MATERIAL PROVIDED.
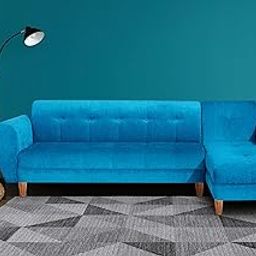 Seventh Heaven Milan 6 Seater Right Corner Sofa | Luxury Comfort & Extra Spacious | Sofa | Sofa Set | Wooden Sofa Set for Living Room | Couch Sofa for Living Room & Office (Chenile Molfino - Sky Blue)-image-13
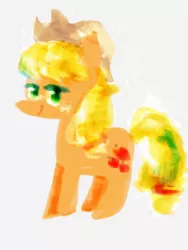 Size: 1200x1600 | Tagged: artist needed, safe, derpibooru import, applejack, earth pony, pony, cowboy hat, digital art, green eyes, hat, image, jpeg, looking at you, simple background, smiling, solo, standing up, white background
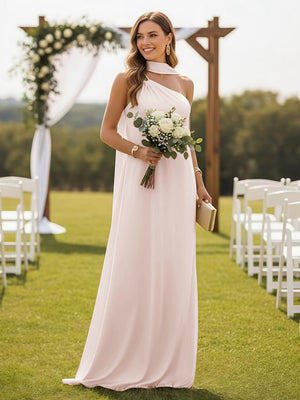 One Shoulder Bridesmaid Dresses with Scarf Wedding Guest Dresses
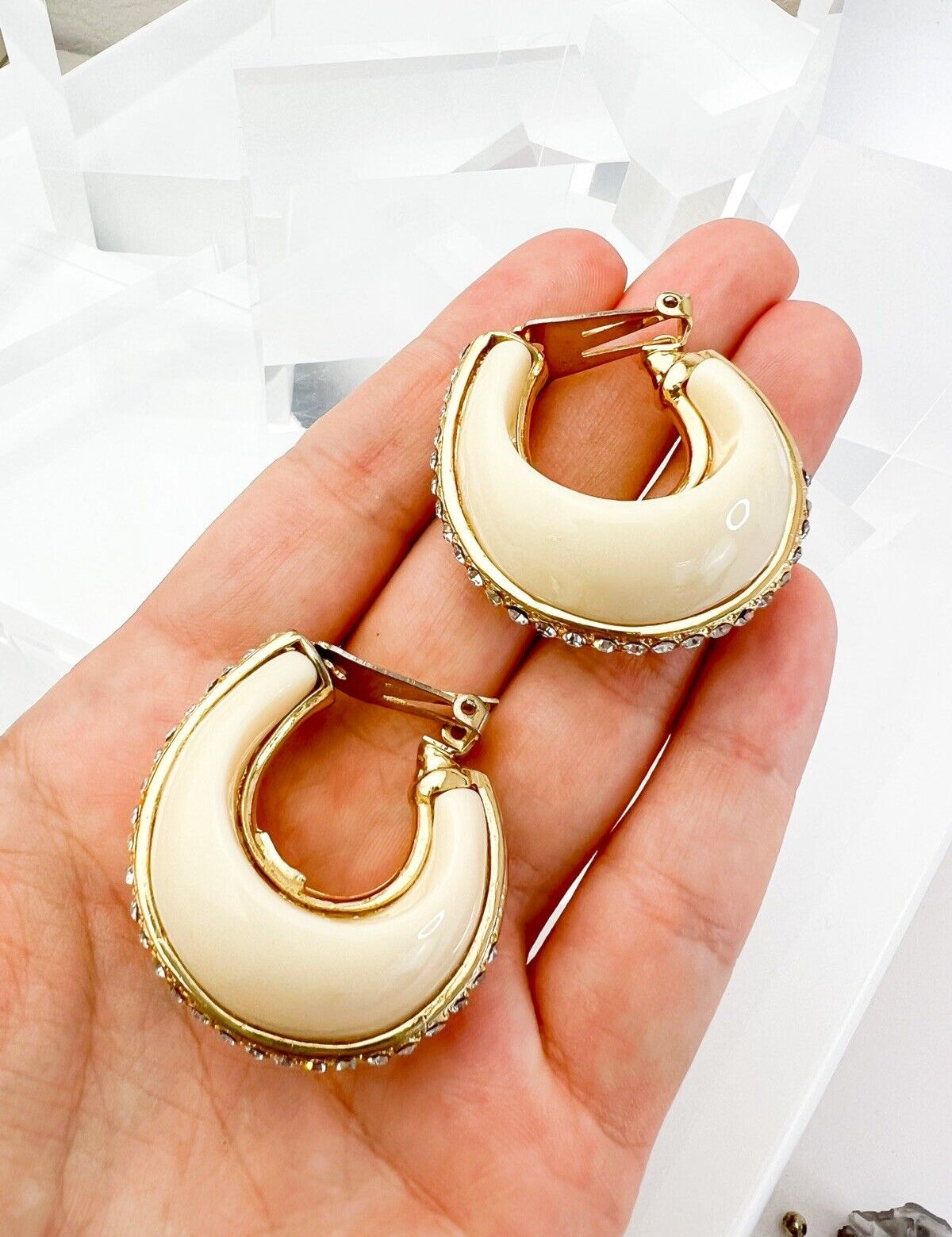 YSL Yves Saint Laurent Vintage Hoop Earrings Rhinestone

WHAT THE EXERCISE ASKS. Restate word for word the lines from the one with "One Shoulder Bridesmaid" to the end of the material, both included. Do not include the pictures.

EXERCISE ANSWER.
 One Shoulder Bridesmaid Dresses with Scarf Wedding Guest Dresses
 YSL Yves Saint Laurent Vintage Hoop Earrings Rhinestone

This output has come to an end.